Camera traps are increasingly used for wildlife monitoring in ecology and conservation, but they produce massive image data with challenges like inefficient manual annotation and high false positives (e.g., empty frames from wind or lighting). Single deep learning models, such as MegaDetector (YOLO-based), MLWIC2, DeepFaune, SpeciesNet, and AddaxAI, perform well in specific scenarios but struggle with generalisation across environments. Research shows ensemble methods like voting and averaging improve robustness (Norouzzadeh et al., 2018), and meta-learning via stacking (e.g., XGBoost) refines results.
This Master's project introduces a hierarchical ensemble framework integrating seven open-source, locally deployable models (e.g., Pytorch-Wildlife, MLWIC2, DeepFaune, SpeciesNet, AddaxAI) to reduce false positives and boost species-level accuracy and species identification scope. The methodology comprises three phases:
Phase 1: Model Evaluation assesses models on ten heterogeneous datasets. Preprocessing involves normalisation, missing value handling, and creating subsets for binary (animal vs. non-animal) and species-level tasks. Rare species are addressed with smoothing for balanced evaluation.
Phase 2: Ensemble Learning uses weighted methods for accuracy enhancement. Binary detection employs accuracy-based weighted averaging and F1-optimised thresholding via grid search. Species classification applies dynamic weighted voting with species-specific weights, only on animal-positive images. Performance is compared via metrics and confusion matrices.

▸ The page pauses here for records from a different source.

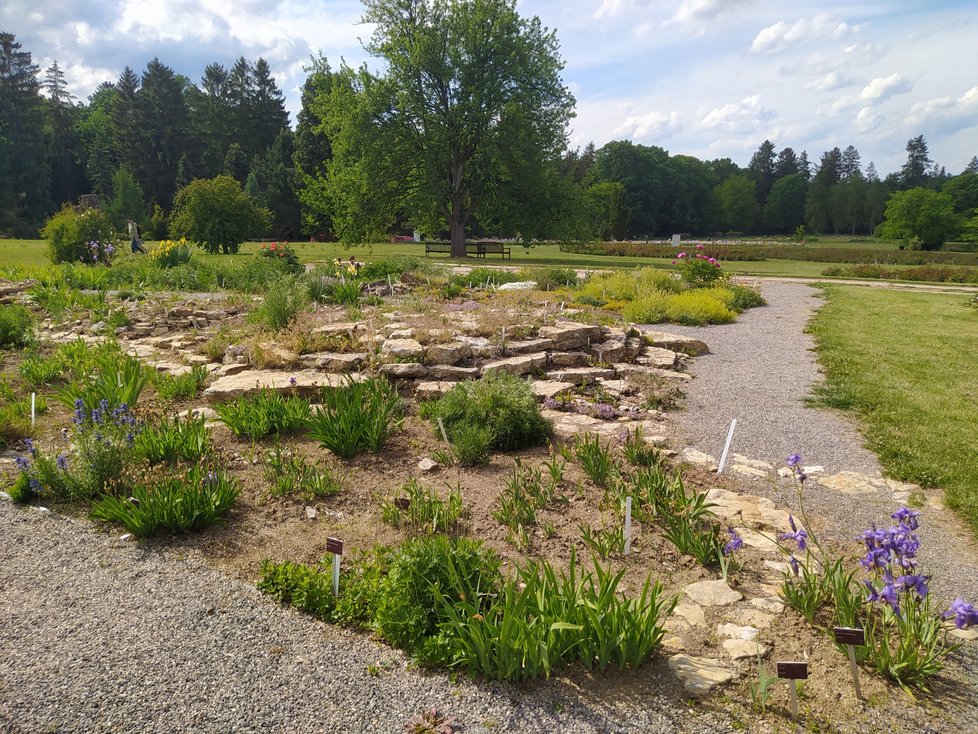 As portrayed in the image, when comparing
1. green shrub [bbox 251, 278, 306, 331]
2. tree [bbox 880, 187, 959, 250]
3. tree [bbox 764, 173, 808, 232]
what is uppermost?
tree [bbox 764, 173, 808, 232]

Phase 3: Meta-Model Stacking trains higher-level models on meta-features like confidences, agreement rates, entropy, and weight interactions. Rare classes are filtered for generalisation; data is split 70/15/15 (train/validation/test) with stratification. Meta-models (XGBoost, Random Forest, Logistic Regression) are tuned via GridSearchCV and benchmarked against Phase 2 baselines, showing reduced misclassifications and improved stability through confidence-weighted features and inter-model consistency.

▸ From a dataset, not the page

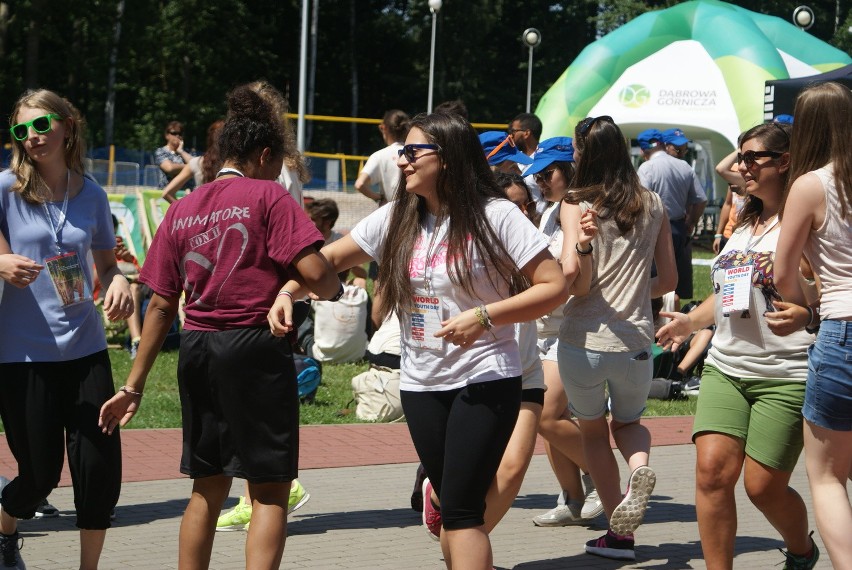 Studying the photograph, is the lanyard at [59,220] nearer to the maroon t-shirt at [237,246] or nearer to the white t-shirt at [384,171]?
the maroon t-shirt at [237,246]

Implementation details: Task 1 downloads 10,000 images per dataset from Google Cloud (prioritising rare species), cleans labels (JSON to CSV with unified fields), and creates a taxonomic mapping table. Task 2 organises code in Jupyter notebooks, runs predictions, merges results, and validates via mapping. Task 3 evaluates models with confusion matrices. Task 4 implements weighted averaging for binary and species tasks, including preprocessing, weights, ensembles, optimisation, and evaluation. Task 5 stacks meta-models on ensemble outputs, adding features like confidence-weight interactions and consistency scores; trains classifiers with tuning and compares to ensembles.
This thesis contributes a novel framework achieving up to 25% false-positive reduction and an effective species classification scope expansion over baselines, validated on multi-geographic datasets. It reduces manual work for ecologists, with open-source code for reproducibility and extension in biodiversity monitoring. Moreover, this project explored the application of meta-learning in enhanced wildlife classification performance, although the further improvement is still necessary.